Entres films noirs et comédies romantiques, sa carrière s’est tissée plus en France qu’en Belgique. Dernier rôle en date : celui de Pierre dans Elève libre, le dernier film de Joachim Lafosse actuellement en cours de montage. Interview-conversation avec Jonathan Zaccaï, un comédien rare et drôle.
Jonathan Zaccaï : Elève Libre, le jeu et la réalisation
Cinergie : Te sens-tu apparenté aux comédiens belges ayant construit leur carrière en France ?
Jonathan Zaccaï : Contrairement à la plupart d’entre eux, je n’ai pas été un Belge parti en France puis reconnu en Belgique. C’est vraiment la France qui m’a fait travailler. Je ne pense pas que tout le monde sache que je suis Belge, enfin ceux qui me connaissent. C’est différent de Jérémie Renier, de Marie Gillain ou de Benoît Poelvoorde qui ont commencé en Belgique : tout le monde connaît leur nationalité.
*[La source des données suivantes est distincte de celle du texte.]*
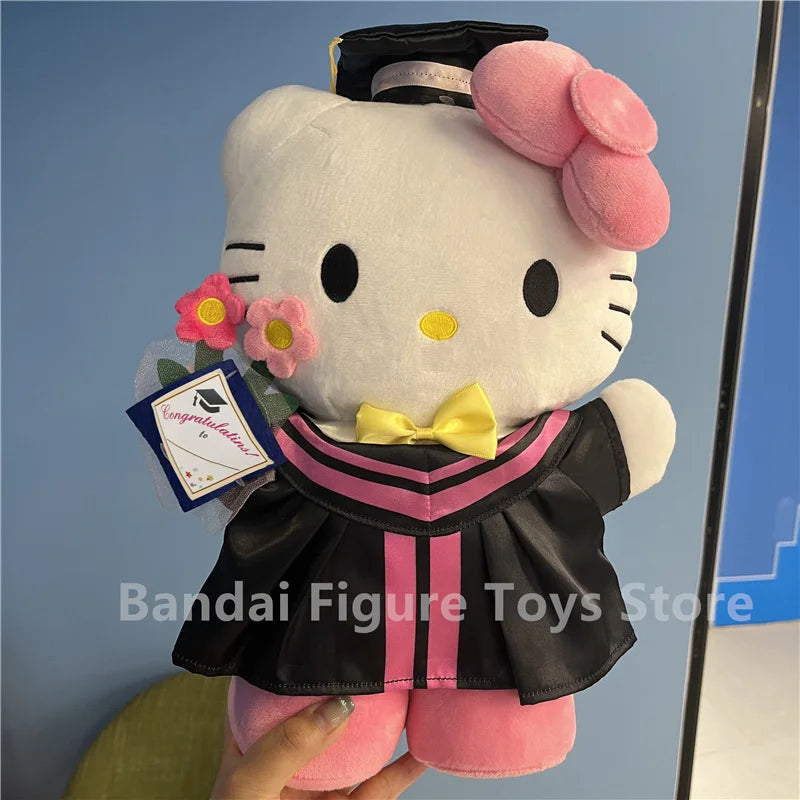 Graduation Style Cartoon Plush Doll Soft Sofa Pillow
C. : Avant Elève libre, tu étais pourtant apparu, il y a plusieurs années, dans un film belge, Le Tango des Rashevski.
J. Z. : Pour moi, ce n’était pas un vrai film belge. Elève libre revêt plus, je pense, cette caractéristique.
C. : Comment l’expliques-tu ?
J. Z. : C’est comme les films scandinaves : il y a quelque chose d’assez fort et sec. J’associe ça à Joachim. J’ai l’impression que je n’aurais pas pu faire ce film avec un réalisateur en France. Il y a déjà la manière de travailler de Joachim : il a la même équipe depuis toujours. Cela pourrait être très français mais c’est sans compter les ambiances, les relations, le fait qu’on mange tout le temps ensemble. J’ai trouvé ça très belge; j’ai eu l’impression d’être un étranger ! Et puis, ça faisait longtemps que je n’étais pas resté aussi longtemps en Belgique. Je me suis souvenu de mes origines.
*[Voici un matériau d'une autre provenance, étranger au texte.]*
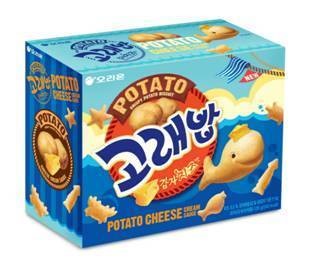 오리온, 고래밥 감자치즈맛 출시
C. : Connaissais-tu le travail de Joachim précédemment ?
J.Z. : Certains films, oui. J’avais vu Ça rend heureux avant de découvrir Nue Propriété que j’ai trouvé étonnant et très fort. Je l’ai vu parce que je savais que j’allais travailler avec Joachim.
C. : Le rôle que tu interprètes est celui de Pierre, un individu séduisant qui devient progressivement obscur. Est-ce que dès le départ, tu savais que tu allais jouer avec tes limites ?
J.Z. : J’ai lu le scénario, je m’attendais à un rôle et à une coupe. À partir du moment où j’ai dit oui au costume, j’ai dit oui à l’anti-séduction. J’ai des espèces de chemises avec un t-shirt en dessous collé au corps; j’appelle ça des costumes de la RDA ! Après, la difficulté à faire ce film, c’est autre chose. Moi, je sais où sont mes limites. En tant qu’acteur, elles sont très claires et, par bonheur, ne sont pas les mêmes qu’en tant que personne. Avec Joachim, la question des limites va au-delà du rôle. Ceci dit, il y a tout de suite eu une clarté sur les scènes. Déjà au niveau sexualité, en ce qui concerne le rôle, j’estimais que la violence pouvait être dans les actes mais pas dans la vision des corps.
C. : C’est pour ça que le parti pris est le hors champ.
J.Z. : Voilà. Mais le hors champ est terrifiant. D’ailleurs, c’est la première fois où je me suis vraiment dit : « là, tu as surestimé ton humour ». En fait, pour moi, jouer un rôle comme ça, c’est de l’humour. À la base, je voulais faire de la comédie (je veux toujours en faire, d’ailleurs) mais là, je ne sais pas si on captera ce rôle comme étant de l’humour de ma part, parce que, finalement, il est très éloigné de ma personne. Ça m’amuse de m’embarquer dans des esprits et dans des voyages qui me sont assez étrangers mais dans lesquels il y a quand même des choses qui me parlent et qui m’interpellent.
C. : Dans cette histoire de limites et d’apparences, qu’est-ce qui catégorise ton personnage ?
J.Z. : C’est vrai qu’à tous points de vue, je suis très loin de l’univers de Joachim, mais ça m’a amusé de m’y plonger. Ça a été un tournage violent parce que mon rôle est très, très noir. Entre Joachim et moi, on a dû trouver un champ commun pour suivre un trajet pas à pas. Ça n’a jamais été quelque chose de totalement acquis, car c’était tout le temps un vrai travail, à chaque séquence. Sur le fil en somme.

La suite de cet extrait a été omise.